Swanberg ist inzwischen erwachsen geworden, seine Charaktere aber immer noch nicht. Sie sind alle Twentysomethings, die sich lieber betrinken als sich den Komplikationen des Erwachsenwerdens zu stellen, lieber spontan und lustig sind, als permamente Entscheidungen zu treffen. Luke in „Drinking Buddies“ macht etwa lieber mit der abenteuerlichen Kate Bars unsicher, als nach Hause zu gehen, wo seine langjährige Freundin wartet und bereit ist, mit ihm den Rest ihres gemeinsamen Lebens zu planen. Kate kommt Jakes Flucht vor dem Ernst des Lebens gelegen, denn auch ihr graut es davor, sich nüchtern über ihre Zukunft Gedanken machen zu müssen und so wird getrunken, bis selbst dem Zuschauer schlecht ist.

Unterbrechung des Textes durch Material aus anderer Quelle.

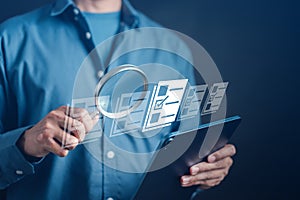 Data analysis of document ai artificial intelligence process with technology processor to planning business information data, tech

Sein neuester Film „Happy Christmas“, der gerade erst auf der Viennale lief, ist zumindest technisch wieder ein Rückschritt. Swanberg setzt wieder auf das, was er zu Beginn seiner Karriere zu seiner Signatur gemacht hat: low budget, improvisierte Dialoge, verwackelte Kamera, Hintergrundgeräusche. All das was eben als „indie“ verschrien ist, sich heutzutage aber kaum jemand mehr traut, seinem Publikum zuzumuten.



Trotz des irreführenden Titels, hat der Film kaum etwas mit Weihnachten zu tun. Es geht um Jenny (gespielt von Anna Kendrick), die gerade unter Herzschmerz leidet und diesen mit Hochprozentigem zu betäuben versucht. Da aber der passendere Filmtitel „Drinking Buddies“ schon vergriffen war, wurde der Film nach der Jahreszeit benannt, in der er spielt.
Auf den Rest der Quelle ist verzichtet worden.